In SuperU today and nearly fell over me trolley when I saw this...

Selection Auguste Nurdin 5ltr box vin de table blanc for €5.89,

Opened one tonight and its really quite nice....

I lied, its bluddy awful but I suppose I'll have to drink it anyway.

Recommendations for good cheap French falling over juice always appreciated for this uneducated palate if you have any........

Pete.


----------



## tonka (Apr 24, 2006)

I'm not a wine drinker but when on last trip to Spain..
Went into Aldi and they had some cartons of red wine "bonus", all of 59c per litre !! a few of the women folk gave it a thumbs up. So maybe one to watch out for if you go that way...


----------



## GEMMY (Jun 19, 2006)

Pete, after the first mouthful the throat is numb, the remainder goes down easily. :lol: 

tony


----------



## peejay (May 10, 2005)

Youre right Tony, it tastes quite nice now.

I bought five btw :lol: 

Pete


----------



## lifestyle (Apr 27, 2008)

Well i have been back from France a couple of weeks now   
But i`m please to say ,my hands have stopped shaking and i`m now weaning myself off the red stuff .I only come home to recover,so get it down yer while you can and have one for me. :lol: :lol: :lol: .

Les


----------



## raynipper (Aug 4, 2008)

Super U were doing a special offer on Roche Mazzett (?) for €1.49 a bott.

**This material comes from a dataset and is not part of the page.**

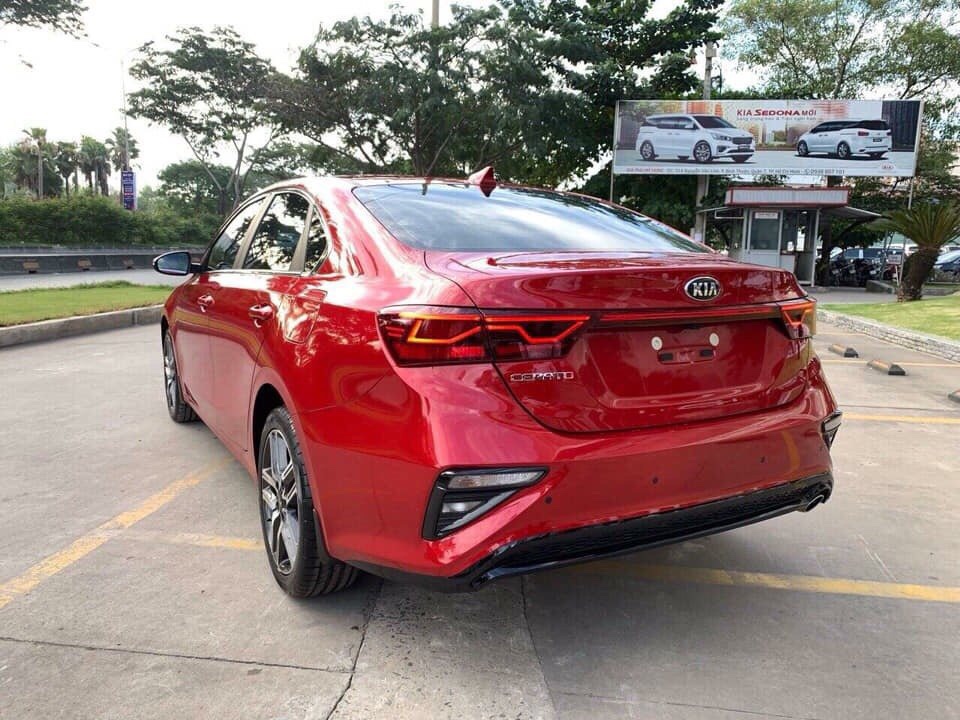 Kia Cerato AT 1.6 2018 - Bán Kia Cerato mới model 2019, màu đỏ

Thats Merlot, Cab Sauv and Rose. 

Normally I won't pay the €3.10 usual price but at less than half we bought 20 cartons.

Ray.


----------



## Scattycat (Mar 29, 2011)

Just got on the outside of a few glasses from a box of Corbiers from SuperU
Quite palatable. ccasion5:


----------



## barryd (May 9, 2008)

6 days now and counting!!!!! Cant wait to get back to France. To be able to by all my favourite booze and food will be bliss! Decent bread each morning. Cheese, Pate, French Markets and decent beer and wine at decent prices. Let me at em!!!


----------



## lesanne (May 1, 2008)

Hi we live in France and always think the best buy for taking to uk is J p Chenney £6 50 for 75cl in uk ...2euros 60 in super u for same ,quite palletable after3 or 4 for that price.....


----------



## GEMMY (Jun 19, 2006)

Now JpCheney is one that I could turn down, never had a decent bottle/carton ever. ....sorry. :wink: 

tony


----------



## peejay (May 10, 2005)

Thanks guys,

Heres a top tip, 

Buy one decent bottle of wine and then after youve drunk it keep hold of it and gradually decant the cheapo boxed stuff into that bottle to make it look like youre not drinking the bargain basement stuff..

Of course youve never done that before, have you.......

:lol: 

Pete


----------



## ardgour (Mar 22, 2008)

Join France Passion then work your way down through the vineyards tasting as you go - works for us, last time we came back with 110 bottles  
Best value one was a beautiful Gamay from a small producer in the Haute Savoire, cost us about 97p a bottle.

Chris


----------



## GEMMY (Jun 19, 2006)

NOW THAT'S more like it. :lol: 

tony


----------



## bigtree (Feb 3, 2007)

Stayed on a france passion/Aire in Monbazillac just south of Bergerac,after I had parked up the owner was quick to say come for aperitifs at 6.Well everyone turned up and tried all his wares but no one bought,it was all barf ,needless to say I never went the following night.Got a cracking red in Aldi in Spain for 1.69E .


----------



## Penquin (Oct 15, 2007)

What we do......

identify a GOOD vineyard - within an AOC area such as St Emilion or Pecharmont, and then have a look round, ask their advice for *non-AOC table wine*........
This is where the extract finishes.